Retirement Assets Reach Record $14.5 Trillion; 40% Increase Since 2002

The nation's retirement nest eggs reached a record $14.5 trillion in 2005, representing a 7% increase over the prior year and a 40% increase since 2002, according to the latest research published today by the Investment Company Institute, the national association of the American investment company industry.

Saving for retirement is becoming an increasingly important priority as the first wave of Baby Boomers approaches retirement age. Retirement assets now account for more than one-third of household financial assets, up from about 23% in 1985.

The majority of retirement savings, 51%, is now invested in defined contribution (DC) plans and Individual Retirement Accounts (IRAs), in which the investor makes the investment choices. Over the past two decades, DC plans and IRAs have been growing more rapidly than other retirement accounts. In 2005, DC and IRA assets grew nearly 9% while other retirement vehicles grew less than 5%.

Mutual funds remain important stewards of retirement assets, representing about $3.4 trillion of the total stockpile. Mutual funds' share of the retirement market continued to increase given their prevalence in rapidly growing DC plans and IRAs. Funds now manage 48% of assets in DC plans and 45% of IRA assets.

The annual study, " The U.S. Retirement Market, 2005 (pdf)", represents the most authoritative examination of the size and composition of the U.S. retirement market, combining ICI's extensive data collection with data from the U.S. Department of Labor, Federal Reserve Board, the Internal Revenue Service, and other trade associations.

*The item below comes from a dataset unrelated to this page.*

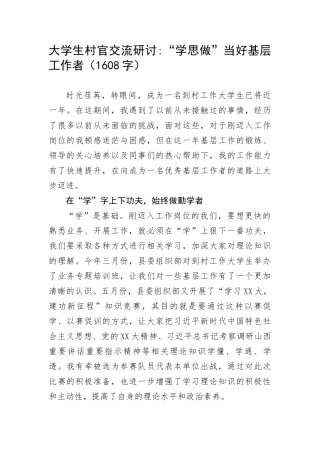 大学生村官交流研讨：“学思做”当好基层工作者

Other highlights of the study include:

  • Nearly two-thirds of retirement assets are held in employer-sponsored plans, including both defined contribution and defined benefit plans.
  • A significant portion of assets held in IRAs originated in employer plans and were subsequently rolled over into IRAs.
  • In 2005, nearly 70 percent of the $3.4 trillion in mutual fund retirement assets were invested in equity funds, an indication that these accounts are being used as long-term investment vehicles as they are designed.